Tuesday 8 June 2010

The woman in the back

After escaping from work early yesterday evening, Ka's Mum and Dad, Dougie and Grace, took us out. We were off into town and after a quick stop to buy some wine gums and jelly babies, were diving through the Glasgow traffic to the Theatre Royal to see the stage production of 'The Woman in Black'. A dark, chilling tale of a solicitor who gets inadvertantly cursed by an evil spirit, spawned from a client's family history.
'The Woman in Black' is an adaptation of Susan Hill's 1983 novel and has already been playing in London's West End for many years and is now on a Nation wide tour. An entertaining production with only three actors, two chairs, a door, a large wicker basket and an invisible dog which together served as the main players on stage to illustrate the ghostly tale. The actors were great in their roles and the audience watched with a quiet unease as the story unfolded with a few gentle scares along the way with appearances from the mysterious screaming woman in black.

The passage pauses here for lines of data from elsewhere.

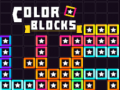 Oyunu Color blocks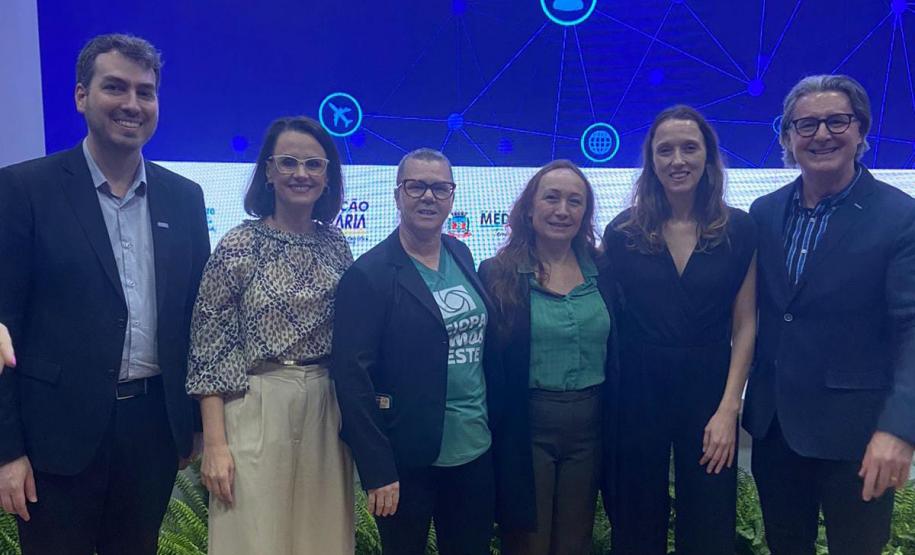 Secretaria do Planejamento participa de celebração aos dez anos de Programa Oeste em Desenvolvimento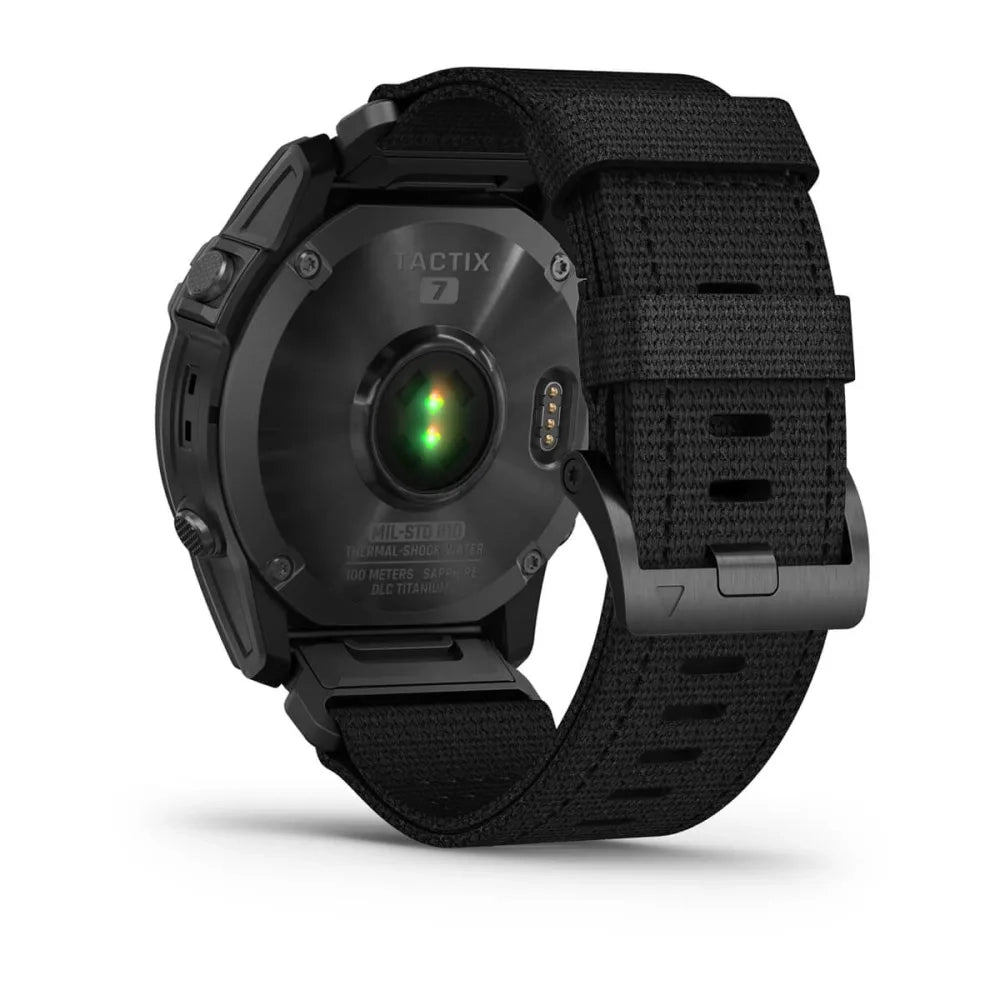 Garmin Tactix 7 GPS Watch – Pro Ballistics Edition for UAE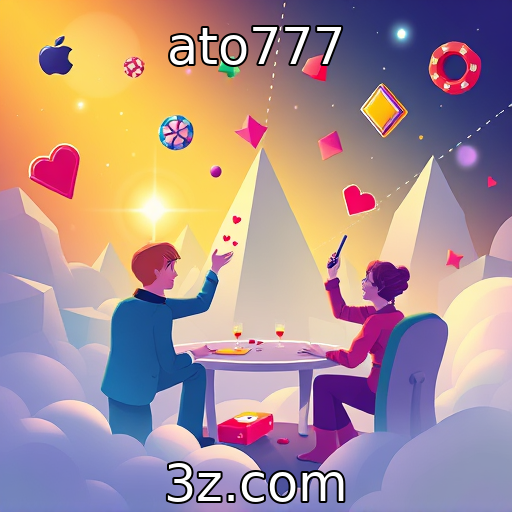 ato777 : O papel das comunidades online na evolução dos jogos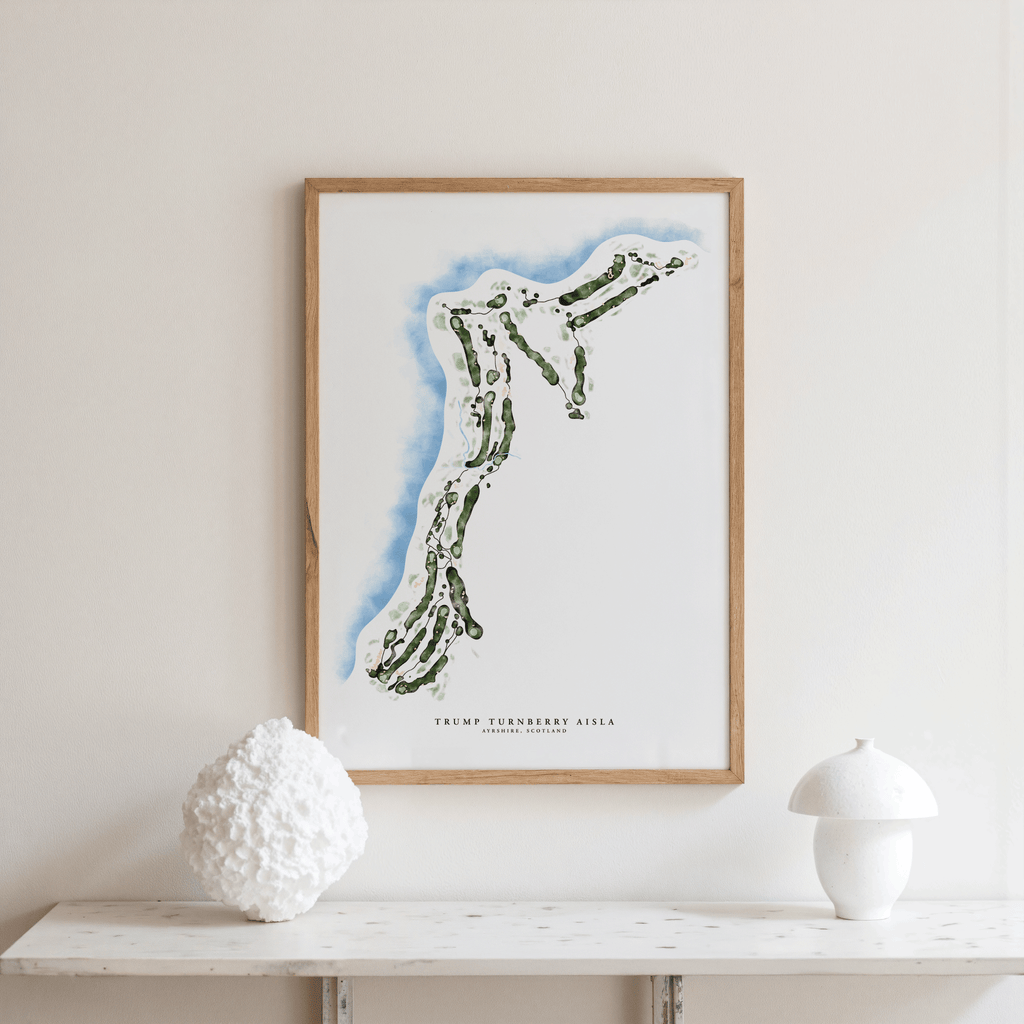Trump Turnberry's Ailsa Course - Scotland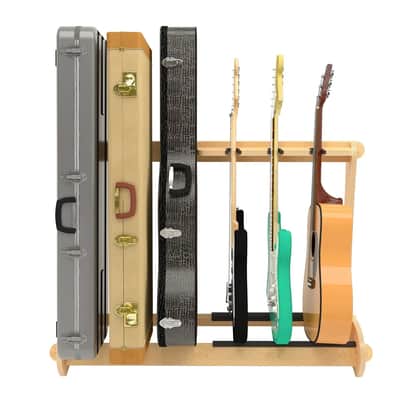A&S VersaRack multi Guitar rack  2025 - Natural image 2
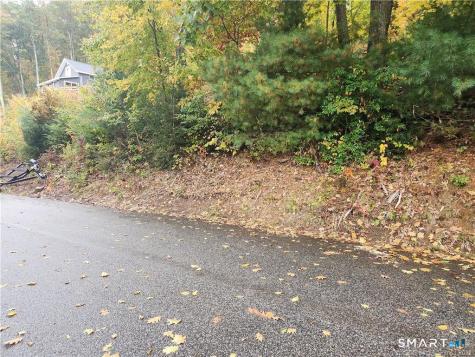 Lake Shore / Lot-46.3 Boulevard Stafford CT 06075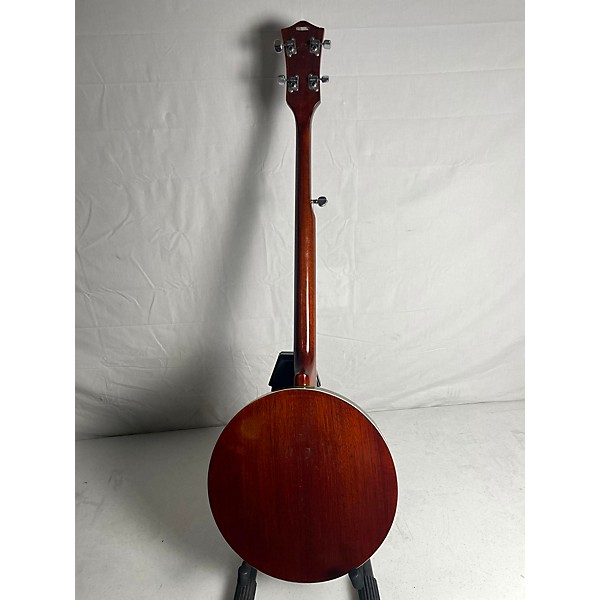 Used Ariana Used Ariana 5 String Banjo Natural Banjo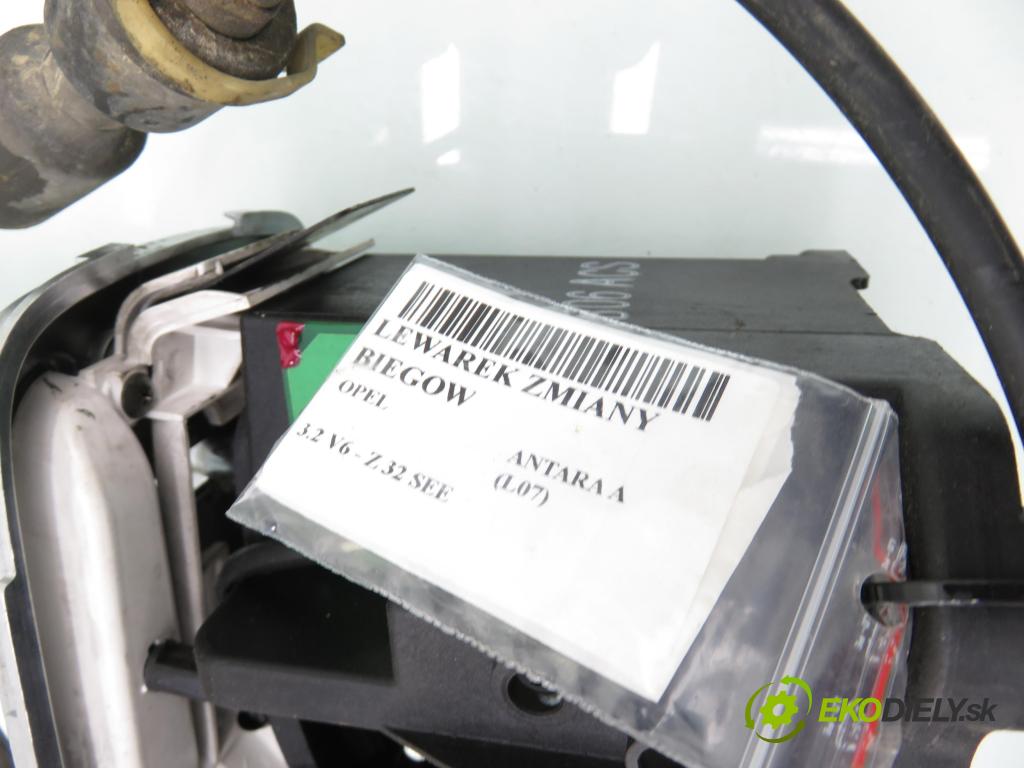 OPEL ANTARA A (L07) SUV 2007 167,00 3.2 V6 - Z 32 SEE 3195,00 ZVEDÁK: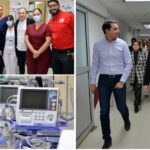 Realiza Gobernador Durazo inversión de 39 mdp en equipamiento médico en Isssteson; se reafirma el compromiso por fortalecer y mejorar de manera histórica la calidad del servicio.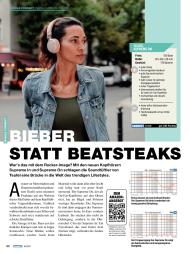 connect: Bieber statt Beatsteaks (Ausgabe: 6)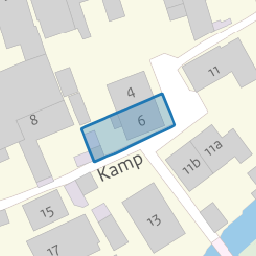 Perceel WDM00-B-2900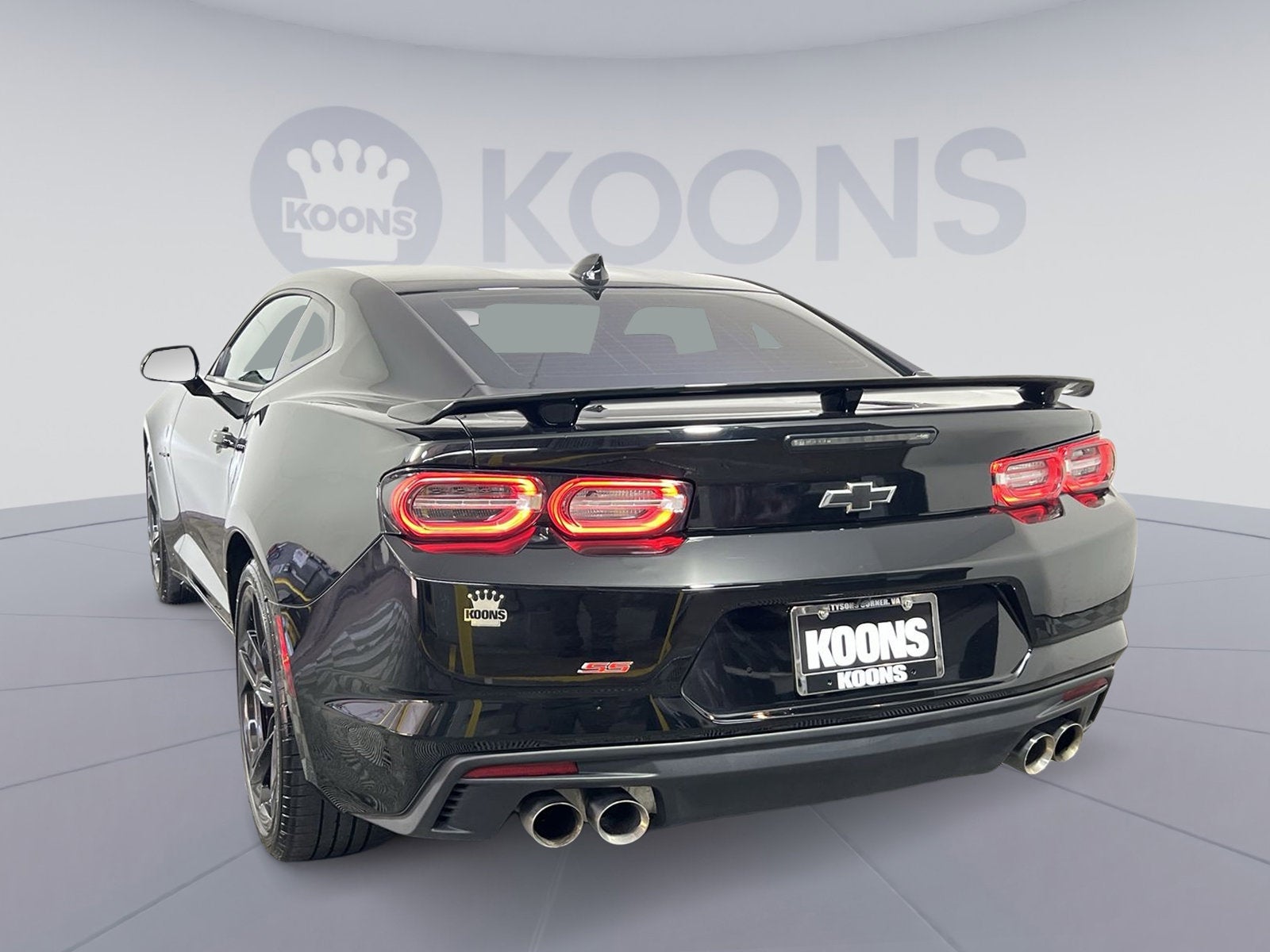 2024 Chevrolet Camaro SS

As the story began, the elder of the main players walked out on to the stage and began reading quietly from a script. The audience of the theatre quietened down to a complete stillness as we all struggled to hear what was being murmured. As we strained to hear the words in the theatre's silence the audience began to wonder if we were actually supposed to be hearing the man's words. Ka took her bag of wine gums out from her pocket and very quietly started peeling the bag's glued top apart. Slowly, slowly, she prized the plastic bag open taking care to make as little noise as possible in the silence. The creaks of the old theatre seats and the odd, inescapable cough were the loudest noises in the large room as the man's words mumbled over us. Suddenly a loud voice yelled from the the back of the theatre shattering the concentrated silence into which the stage actor's mumbles had flowed. Many people jumped at the sudden loud shout from the rear of the stalls. Some screamed. One woman in particular, seated further behind us, screamed such a great, tremoring, 'oh my gawd!' that her voice broke out and above all the other noises of shock. Her screech seemed to echo louder than the actors, as the younger of the two actors strode from the back of the stalls to join his companion up on the stage. He talked as he walked but I think everyone was still suffering the aftereffects of the initial surprise to concentrate on his lines. I certainly could not stop myself from laughing for the first five minutes of the story, subtley trying to pinpoint from where the terrible screech had come from in the audience, perhaps waiting to catch a glimpse of a rather embarrassed lady slinking off to the loo. No one moved from their seat though and the woman remained anonymous . Her scream was so loud the woman must have, at the very least, spilt her jelly babies all over the place.